- Synonyms: Fares Scale of Injuries
- Purpose: Assessment of injuries based on functional impairment

= Fares Scale of Injuries due to Cluster Munitions =

Medical classification of functional impairment

The Fares Scale of Injuries due to Cluster Munitions is an anatomical and neuropsychological classification method to identify and describe injury scales for victims of cluster munitions. It was published in 2013 by Lebanese physicians, Jawad Fares and Youssef Fares.
==Elements of the scale==

Fares Scale of Injuries due to Cluster Munitions
| Grade Level | Percentage of Functional Disability | Anatomical Lesion |
|---|---|---|
| Grade I | ≤25% | Amputation of three fingers: middle finger, ring finger and/or little finger Partial loss of a hand or foot Superficial wounds to the body and face Loss of skin and/or muscles in the extremities |
| Grade II | 50% | Amputation of two fingers: one of the two is the thumb Loss of an eye, leg and/or hand Wound infection Recuperable lesion in abdomen and/or thorax Psychological effects |
| Grade III | 75% | Affection of more than two of the four extremities Partial loss of vision and/or impairment of the auditory system Mutilation and partial damage to the digestive system and /or lungs Lesion of the spinal cord |
| Grade IV | >75% | Amputation of three extremities Total loss of vision and/or auditory capacity Tetraplegia Intellectual incapacity |

==Interpretation==
The scale assesses the severity of injuries resulting from cluster munitions based on functional impairment.
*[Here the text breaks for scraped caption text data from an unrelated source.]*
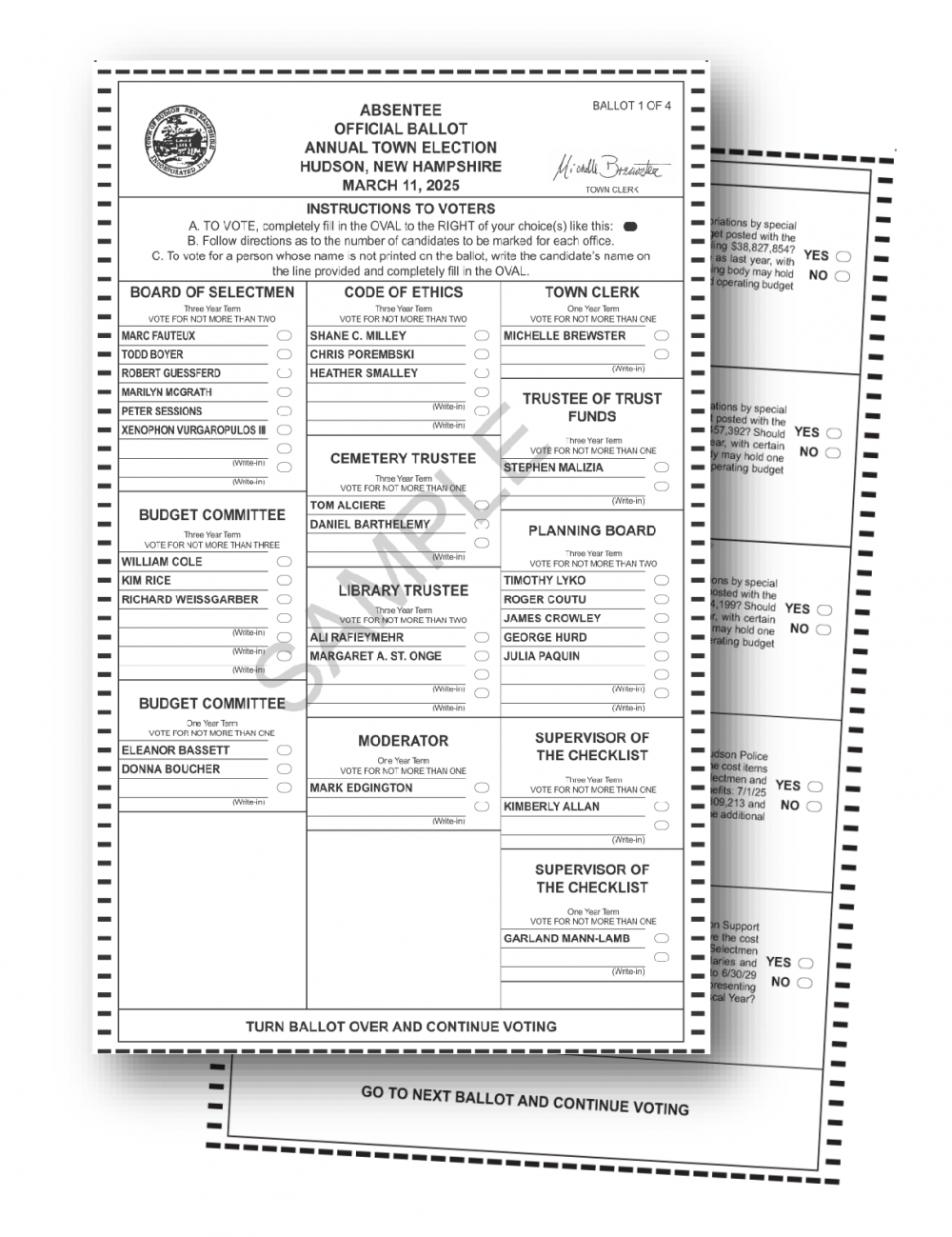 SAMPLE Town Election Ballot Hudson New Hampshire sample-town-election-ballot-hudson-new-hampshire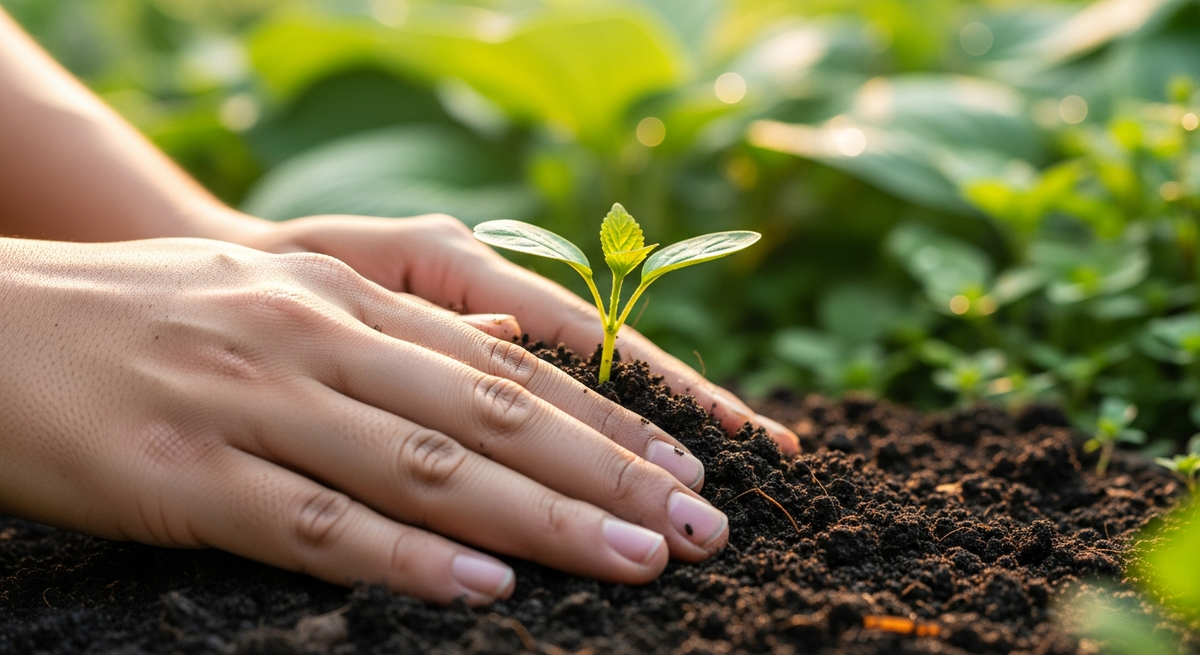 Hands pressing soil around a young green plant in a terracotta pot, surrounded by soft garden light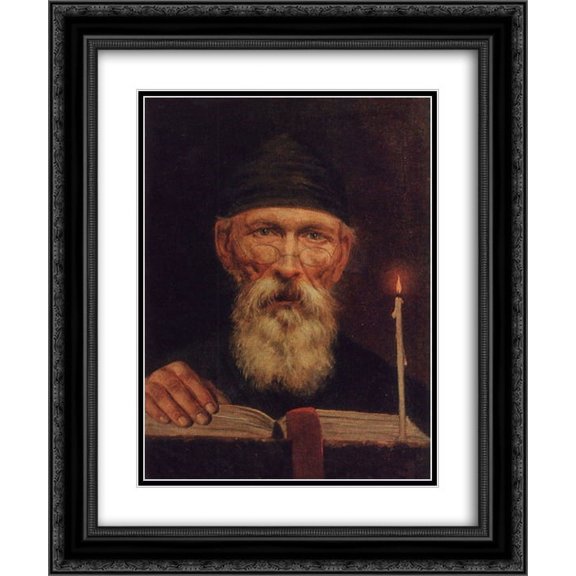 Vasily Tropinin 2x Matted 20x24 Black Ornate Framed Art Print 'Monk with candle'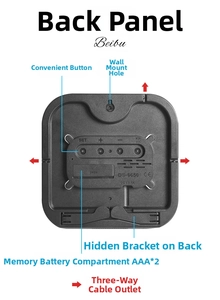 Detail view of multifunctional digital clock back with buttons, stand and battery compartment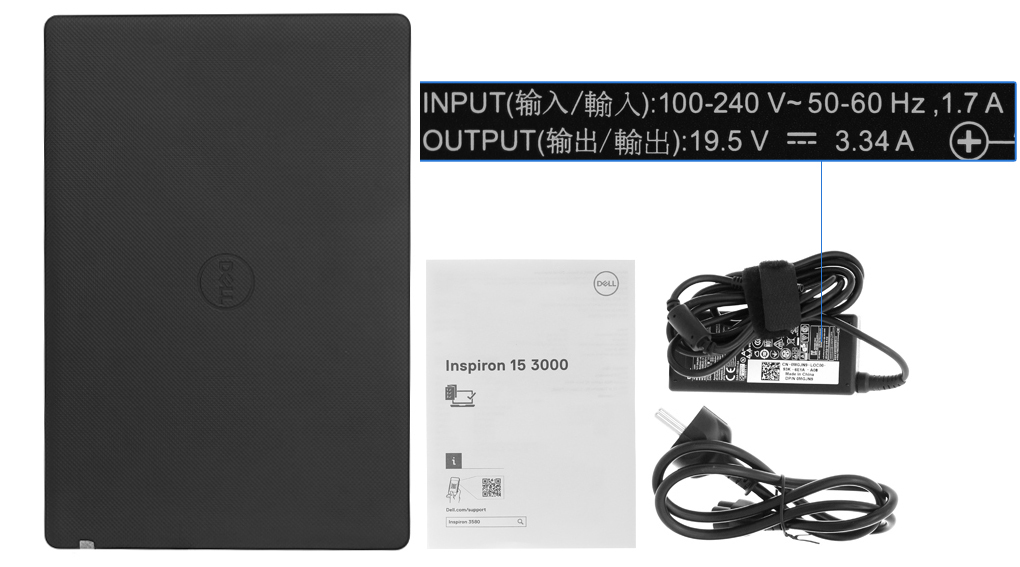 Bộ sản phẩm gồm: Sách hướng dẫn, Thùng máy, Sạc Laptop Dell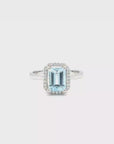 Alexandra - 18ct White Gold Aquamarine and Diamond Halo Earth Grown Ring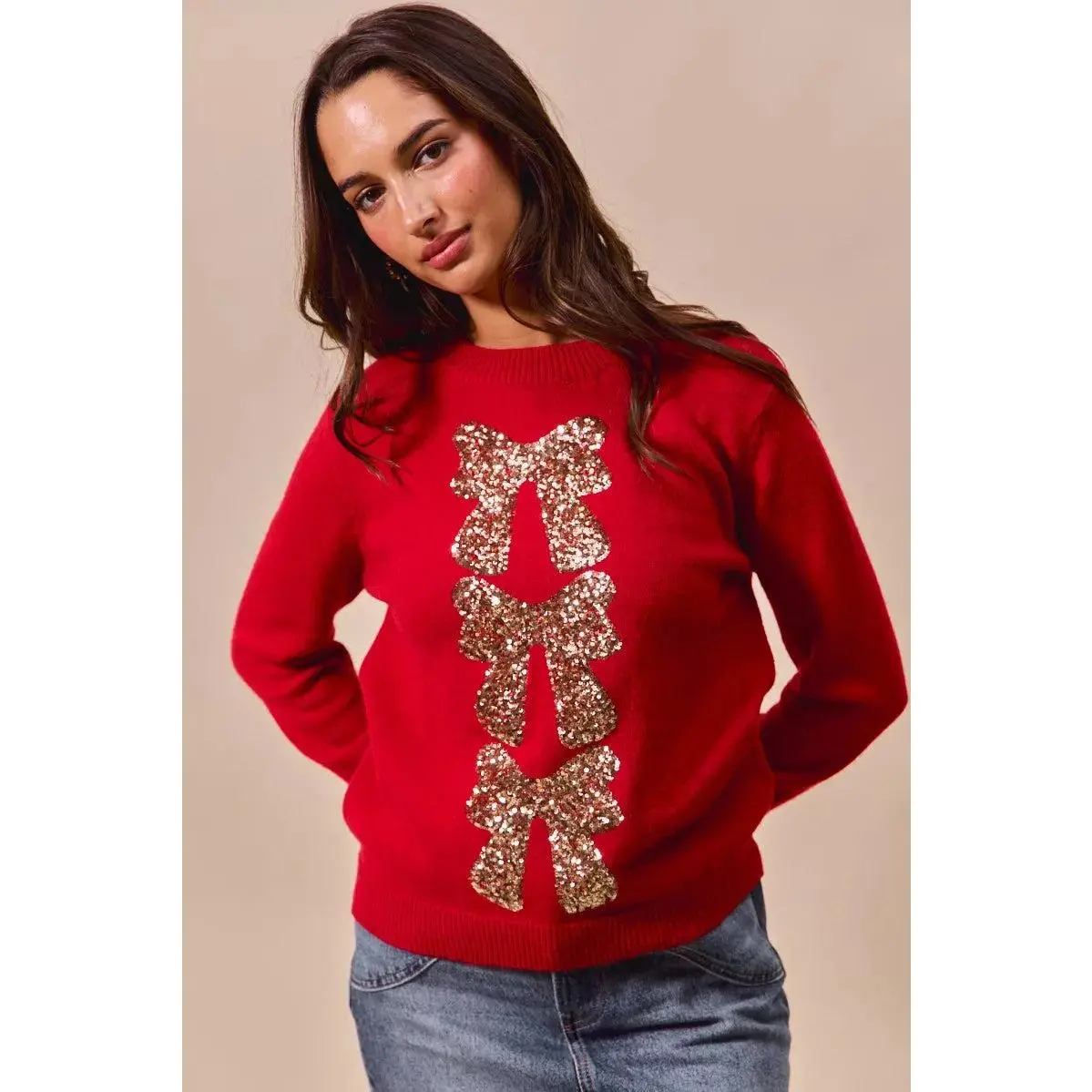 SO ME Sequins Bow Ribbon Embellished Christmas Sweater
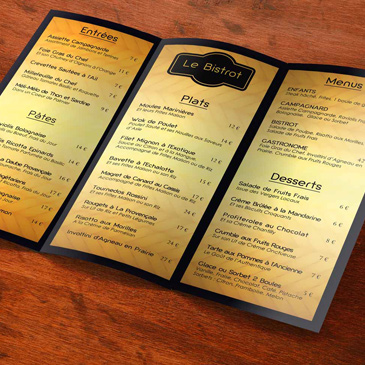 Graphiste menu dépliant restaurant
Due to the polytraumatic nature of the injuries and the damage to multiple systems in the body, the scale stratifies cohorts by exploring the limitation in activity resulting from the injury. Following a grading system (I-IV): Grade I shows functional impairment of less than 25%, Grade II shows 50%, Grade III shows 75%, and Grade IV demonstrates more than 75% functional impairment. Grading is done after meticulous and conjoint assessment of symptoms and functioning.

==History==
During the 2006 Lebanon War, it was estimated that "Israel rained as many as 4.6 million submunitions [of cluster munitions] across southern Lebanon in at least 962 separate strikes, the vast majority over the final three days of the war when Israel knew a settlement was imminent", almost one million of which remained unexploded. These unexploded ordnances continued to injure and kill civilians after the war ended. Injuries were polytraumatic and often led to disability and significant neuropsychological effects. Research by Jawad Fares and Youssef Fares led to the development of the “Fares Scale of Injuries due to Cluster Munitions” to assess injuries based on functional impairment. The scale helped in classifying the wounds of victims and determining the best possible treatment.